Artikel 11. Berekeningsgrondslag van de maatregel

De bijzondere bijstand wordt niet verlaagd tenzij er sprake is van bijzondere bijstand voor levensonderhoud, zoals bedoeld in de wet in artikel 12.

Artikel 14. waarschuwing

In plaats van het opleggen van een maatregel kan in sommige situaties volstaan worden met het geven van een schriftelijke waarschuwing.

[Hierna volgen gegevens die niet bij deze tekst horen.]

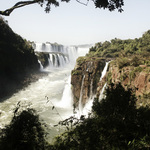 Cataratas de Iguaz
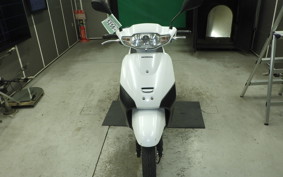 HONDA TACT-4ﾍﾞｰｼｯｸ AF79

Dit kan alleen in de situaties waarin de verordening dit toestaat:

  • -

    het niet, niet tijdig of niet behoorlijk nakomen van de inlichtingenverplichting als hier geen financieel nadeel tegenover staat

  • -

    niet verlengen van de inschrijving bij het UWV werkbedrijf

  • -

    het niet naar vermogen trachten algemeen geaccepteerde arbeid te verkrijgen

  • -

    niet naar vermogen meewerken aan een passende re-integratievoorziening

  • -

    het niet naar vermogen meewerken aan een onderzoek naar de mogelijkheden tot arbeidsinschakeling of re-integratie

  • -

    niet naar vermogen meewerken aan opleiding van de alleenstaande ouder.

De waarschuwing telt mee voor de recidive en moet hiertoe dan ook geregistreerd worden.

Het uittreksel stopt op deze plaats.